Grand Chief Jonathan Solomon says it's a pro-active step to preserve the Omushkego way of life, including harvesting, ceremonial rights, sacred sites, and travel routes for future generations. Solomon says their way of life is under threat due to climate change already — and wants to forestall the possibility of offshore oil development.
He's expecting opposition from the government.
"They're probably going to tell us, 'you got no rights over what you're doing'. Because they think they own the land," he said.
"But I've always stated this is Treaty land.

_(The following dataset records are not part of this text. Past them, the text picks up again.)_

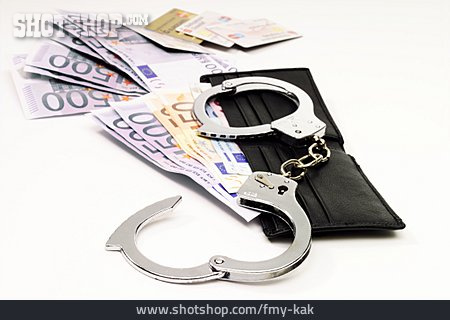 
                Handschellen, Diebstahl, Straftat, Kreditkartenbetrug                   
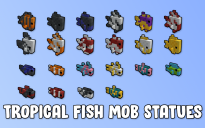 Tropical Fish Mob Statues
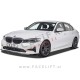 BMW 3 G20 G21 19- podaljšek sprednjega odbijača črni mat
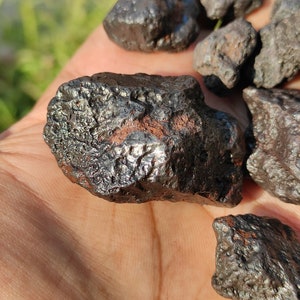 Campo Del Cielo Meteorite Iron nickel meteorite nuggets Stone from space mystic meteorite ore metaphysical crystal shooting stars image 4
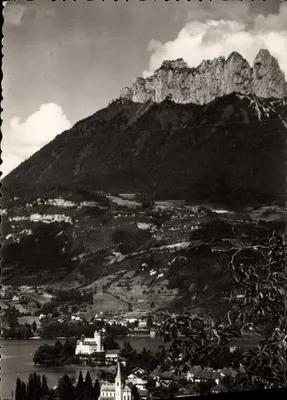 Vila de DUINGT e as Dentes de LANFON — Rhône — Editor: André Leconte, Lyon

It's a partnership agreement, and they have to come to the table and talk to us about what our endeavour is."
Solomon says an Indigenous-led task force is about to launch community engagement that will guide the planning process, including how far inland the preservation area will extend.
An environmental group says creating a National Marine Conservation Area on the western coast of James Bay is a globally significant step.

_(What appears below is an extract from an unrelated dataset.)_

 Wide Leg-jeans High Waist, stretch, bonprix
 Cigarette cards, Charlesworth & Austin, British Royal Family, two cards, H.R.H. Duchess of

Wildlands League spokesperson Anna Baggio says they have been working with Mushkegowuk Council for about a year in preparation for consultation and a feasibility study.
Baggio says there have been similar Indigenous-led movements.
"There are actually examples all across the country. Nunavut in Canada worked on establishing a national marine conservation area in Lancaster Sound. There's even a National Marine Conservation Area in Lake Superior," she said.
The timing of the project is perfect, Solomon adds.
"Canada is trying to meet its 25 per cent by 2025 to make Conservation targets for the oceans surrounding the
country. Our friends and colleagues at the eastern part of James Bay, the Eeyou Istchee, are doing the same process, and other Indigenous groups are also working on protected areas in the James Bay and Hudson Bay. It's a win, win, win and more wins all the way."